“Tinta Simpática” de Patrick Modiano
As lembranças que restam a Jean Eyben resumem-se a um rosto feminino numa fotografia desvanecida numa fotografia e a um nome: Noelle Lefebvre. Quando o corpo deste fantasma continua sem paradeiro, o detetive metamorfoseia-se em escritor, e o passado, num livro escrito a tinta invisível.
História que reflete com subtileza sobre a passagem do tempo e as memórias que lhe resistem, em cujos interstícios perduram situações ou imagens que por vezes se apresentam de difícil assemblage, “Tinta Simpática”, de Patrick Modiano (Porto Editora, 2021), é um romance que começa por evocar o estilo de um enredo policial, para se converter depois num relato mais intimista, revelando o peso do que aquilo que nos parece vulgar e banal poderá, efetivamente, ter nas nossas vidas. E é nesse conjunto de banalidades, que acabam transformadas em algo extraordinário, que assenta o mais recente romance do vencedor do Prémio Nobel da Literatura 2014.
Trata-se, portanto, de uma história de investigação que gira em torno do desaparecimento de Noelle Lefebvre, cuja trama se desenvolve ao longo dos anos, com uma calma e constância, própria de quem já conhece o seu resultado. Um longo período que é a busca do próprio passado de Jean Eyben, a quem foi delegado este caso, aparentemente pouco relevante, por ocasião de um emprego temporário que desempenhou, em busca de material que lhe pudesse servir, na perspetiva futura de enveredar pela literatura.
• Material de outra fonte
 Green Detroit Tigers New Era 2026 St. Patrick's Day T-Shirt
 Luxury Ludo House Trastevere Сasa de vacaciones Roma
E é o assombro e persistência das memórias relativas a esse caso nunca encerrado, que o levam a decidir efetivamente pôr a escrito, ao ritmo dos pensamentos, os passos que deu nesta busca.
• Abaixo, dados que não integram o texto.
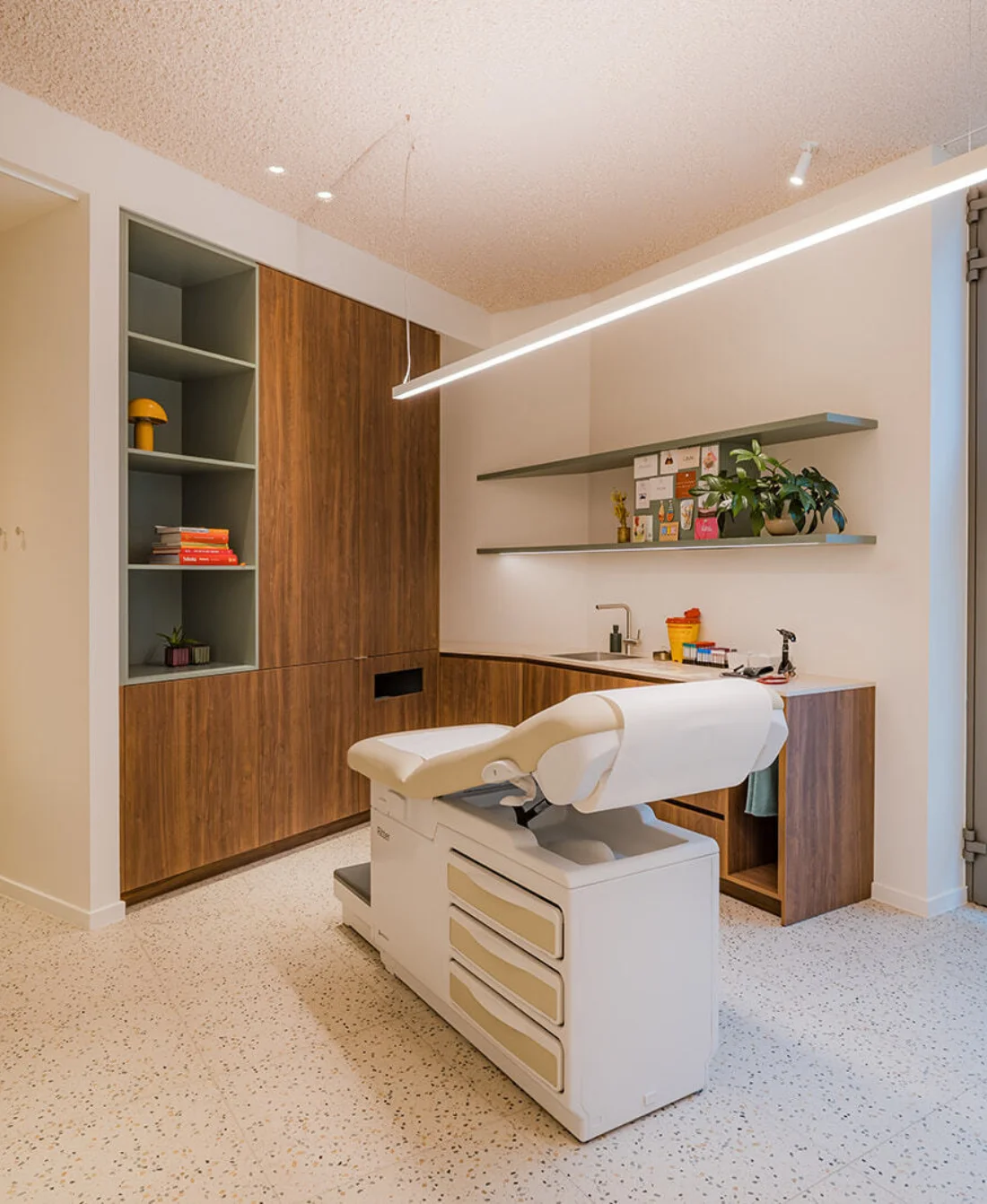QUALITYLIVING HEFFENHEALTH BUROBONITO 15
Trata-se de uma narrativa que maioritariamente se desenrola na primeira pessoa, mas, que a dada altura, inverte a perspetiva e onde o fantasma que procura, se torna o fantasma que contempla, conferindo ao enredo uma complementaridade natural, por via do acréscimo de novas memórias e esquecimentos deste novo ponto de vista, em linha com a temática que pontua a narrativa e com a transversalidade da condição humana. As lacunas de Jean Eyben não são únicas e levam-nos também a nós, a reconstruir o quebra-cabeças de uma vida e a questionar se tudo o que existe poderá estar já escrito.
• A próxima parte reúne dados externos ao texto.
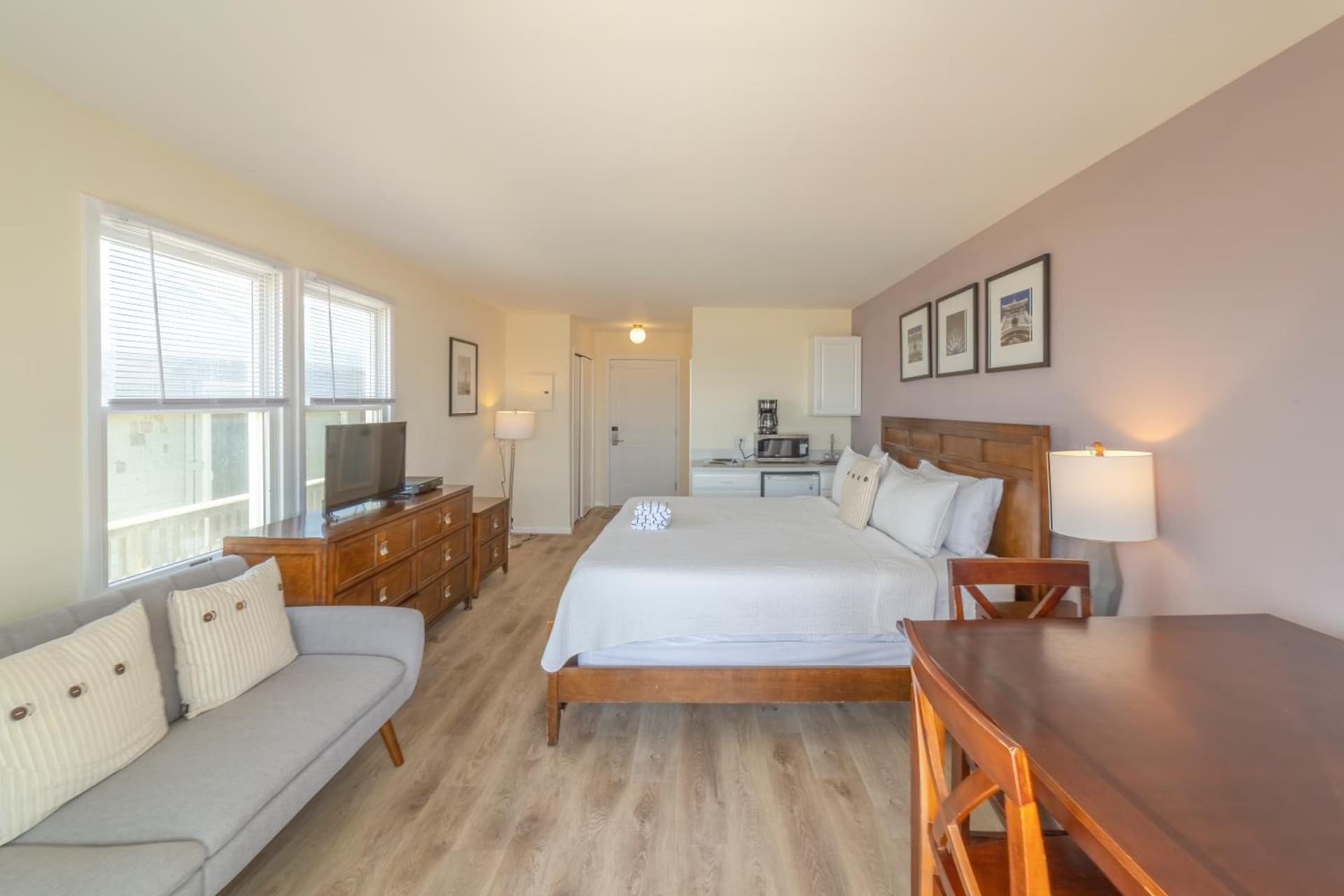 Ocean Surf Resort gallery photo in Montauk, NY — image 84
“Parece que já estava tudo escrito a tinta simpática. Qual é a sua definição no dicionário? «Tinta com que se traçam caracteres incolores e que escurece pela ação de uma determinada substância.» Ao virar de uma página, talvez comece a aparecer, pouco a pouco, o que foi redigido a tinta invisível, as perguntas que me faço desde há muito sobre o desaparecimento de Noelle Lefebvre, bem como a razão por que me faço essas perguntas […]”
O importante não será tanto o resultado dessa busca, mas os efeitos sobre os seus protagonistas temporalmente, onde lembranças são recuperadas à boleia de acontecimentos vulgares, que precipitam a sua revelação, assim como uma fotografia que se revela ou como o calor faz com a tinta simpática que inspira o título.
Nada é extremo ou excessivo nesta narrativa de desenvolvimento elíptico e tanto os acontecimentos quanto os sentimentos surgem naturalmente, sem esforço aparente e despidos de dramatismo, ou seja, como por acaso.
“A linha de uma vida desaparece atrás de todas essas interferências. Como descobrir a verdade com os sinais contraditórios que uma pessoa deixa atrás de si? E sobre mim próprio, a julgar pelas minhas próprias mentiras e omissões, ou pelos meus esquecimentos involuntários, saberei mais?”